> _The problem_
Output exactly, in the material below, the lines from the one with "Ardahan’da kar yağışı" through the one with "Photo - 12625 Memorial Dr Unidad 140". Omit all pictures.

> _Recorded information_
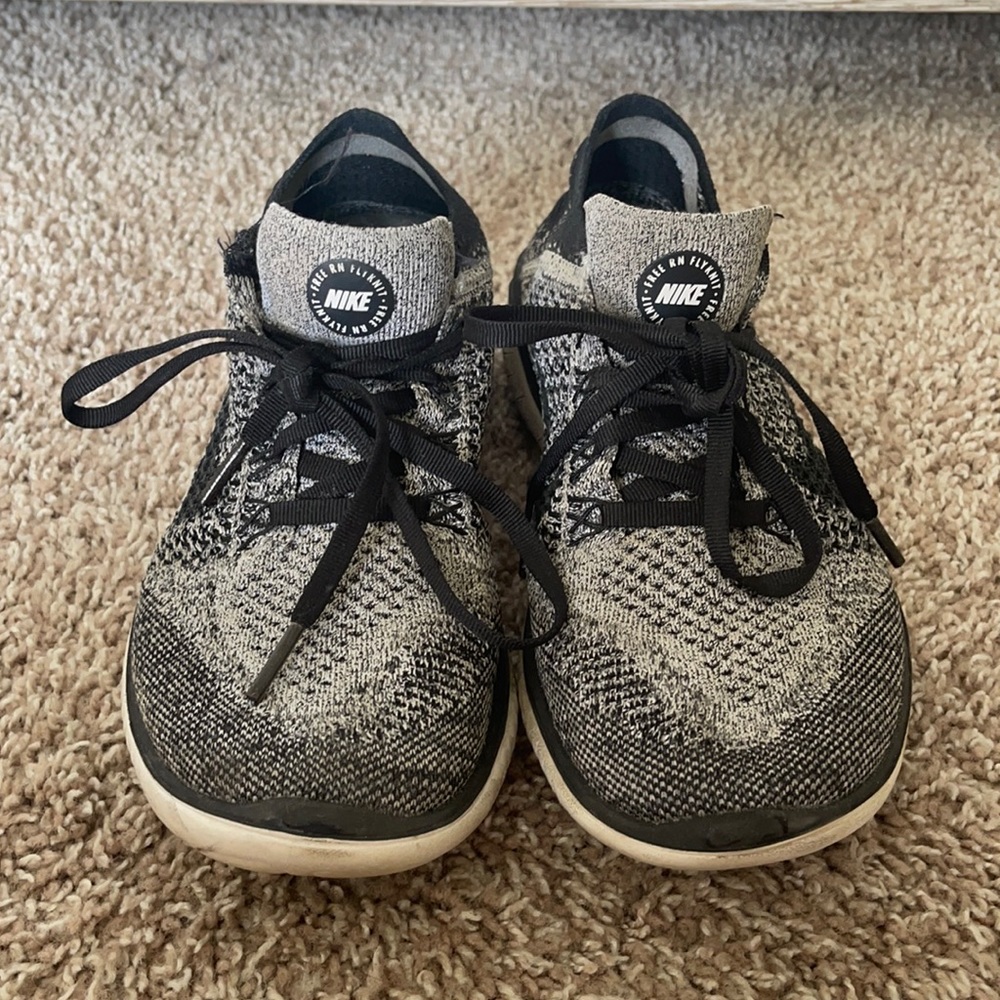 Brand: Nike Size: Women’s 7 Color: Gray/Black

...

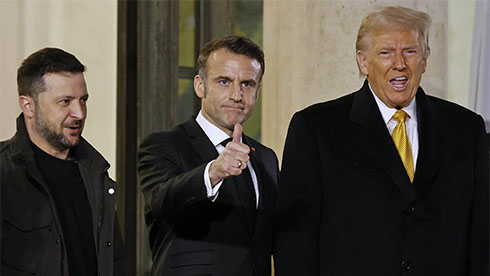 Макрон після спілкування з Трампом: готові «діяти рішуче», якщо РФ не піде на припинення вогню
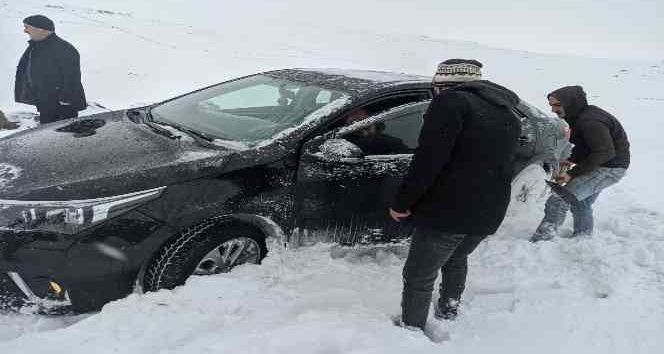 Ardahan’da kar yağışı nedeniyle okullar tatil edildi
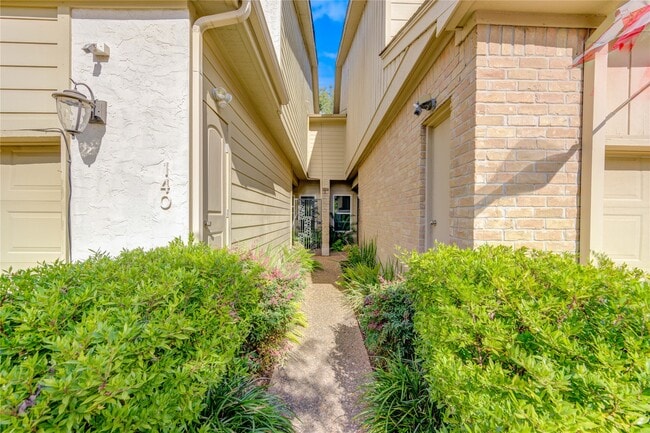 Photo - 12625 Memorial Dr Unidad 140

> _Your solution_
 Ardahan’da kar yağışı nedeniyle okullar tatil edildi
 Photo - 12625 Memorial Dr Unidad 140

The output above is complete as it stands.